The game has actually been played in Europe for almost as long as it has been in the United States. It was brought to the continent by American military members who were stationed in Europe and played it for recreation during some down time. These games soon became more than just for fun – they exposed the sport to a new audience who was curious to learn more.
As the years passed and World War I and II service members showed their European hosts what type of game was played, there were several leagues organized (and folded) in several countries as well as barnstorming tours done by American college teams organized by entrepreneurs who were looking to make a profit. The stories of these attempts are rich with humor, detail and insight.

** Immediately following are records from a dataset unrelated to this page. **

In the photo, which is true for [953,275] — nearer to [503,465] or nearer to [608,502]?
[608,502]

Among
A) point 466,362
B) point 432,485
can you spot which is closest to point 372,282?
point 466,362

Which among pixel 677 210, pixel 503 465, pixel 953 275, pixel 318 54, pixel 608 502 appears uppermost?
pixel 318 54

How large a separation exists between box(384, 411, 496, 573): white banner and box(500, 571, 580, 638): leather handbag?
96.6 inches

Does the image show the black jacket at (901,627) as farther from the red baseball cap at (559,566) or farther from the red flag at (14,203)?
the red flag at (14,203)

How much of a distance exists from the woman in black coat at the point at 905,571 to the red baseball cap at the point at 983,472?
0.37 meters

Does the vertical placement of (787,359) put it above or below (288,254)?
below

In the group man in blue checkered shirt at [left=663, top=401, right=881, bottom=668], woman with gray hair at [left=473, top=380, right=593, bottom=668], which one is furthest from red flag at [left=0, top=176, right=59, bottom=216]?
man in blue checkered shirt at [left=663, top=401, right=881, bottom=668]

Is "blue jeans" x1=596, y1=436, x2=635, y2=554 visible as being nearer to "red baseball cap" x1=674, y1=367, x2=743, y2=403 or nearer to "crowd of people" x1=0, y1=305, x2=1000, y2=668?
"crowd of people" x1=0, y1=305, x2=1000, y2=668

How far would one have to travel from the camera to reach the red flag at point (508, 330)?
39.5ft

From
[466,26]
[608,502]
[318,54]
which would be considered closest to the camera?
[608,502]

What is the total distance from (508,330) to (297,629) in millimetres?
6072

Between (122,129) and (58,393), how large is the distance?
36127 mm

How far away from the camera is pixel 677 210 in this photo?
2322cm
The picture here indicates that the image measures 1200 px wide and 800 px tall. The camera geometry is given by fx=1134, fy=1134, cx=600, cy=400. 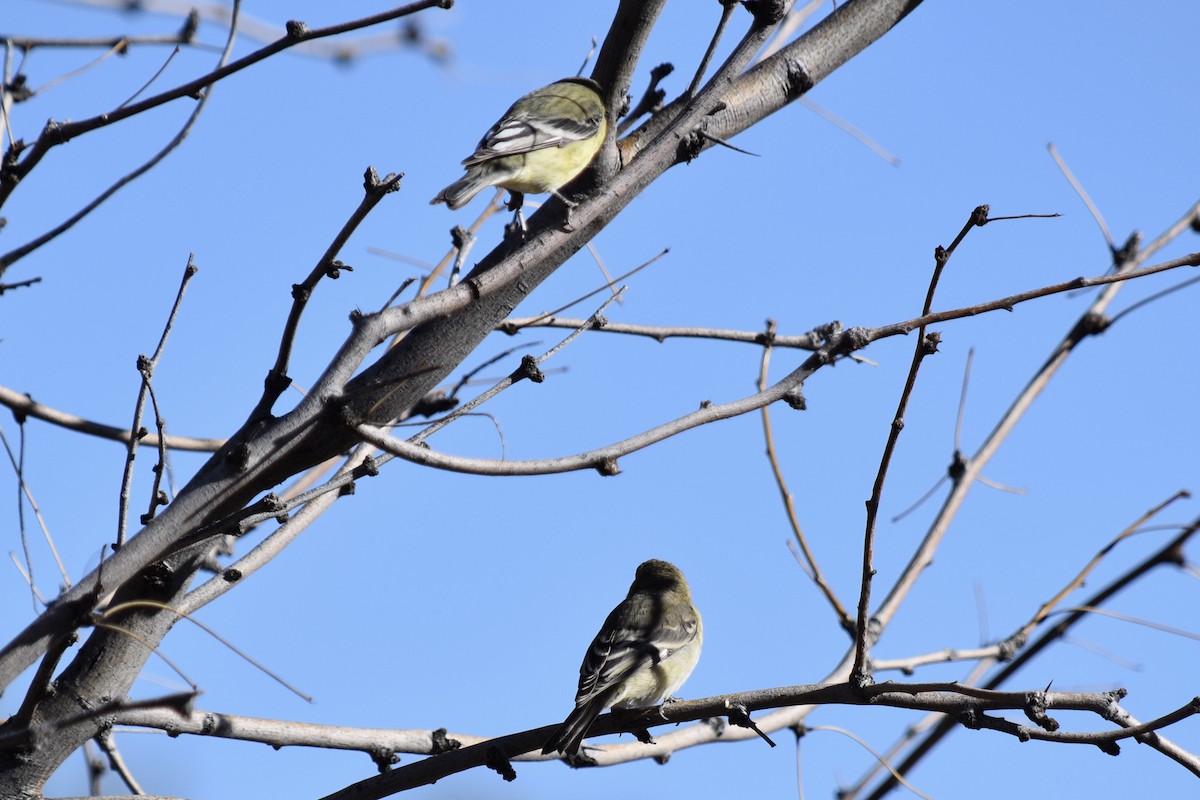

Many of the games played are recapped in the book with details in a manner that one would believe he or she is reading a recap from a recent game, sometimes complete with statistics.
That is the best aspect of this book, as the research shows that by uncovering some of these stories, Foglio has presented a look at the game that few in the United States know. He concentrates on five European nations where the game is the most popular: Austria, Finland, Germany, Italy, and Norway. Sometimes the stories are so detailed a reader might have a hard time following all the players and people involved, but Foglio makes sure his readers are following along by providing some reminders of stories in earlier chapters that may tie into the next one. That made the book easier to read later on, as I had a hard time keeping up with all those details early in the book.
Gridiron fans who wish to learn more about the history of the game beyond the NFL should pick up this book as it will certainly teach them a segment of the game they may not know. These games and leagues are explained in rich detail but in a fun and entertaining manner that make the book one to add to a reader’s football library.
I wish to thank Mr. Foglio for providing a copy of the book in exchange for an honest review.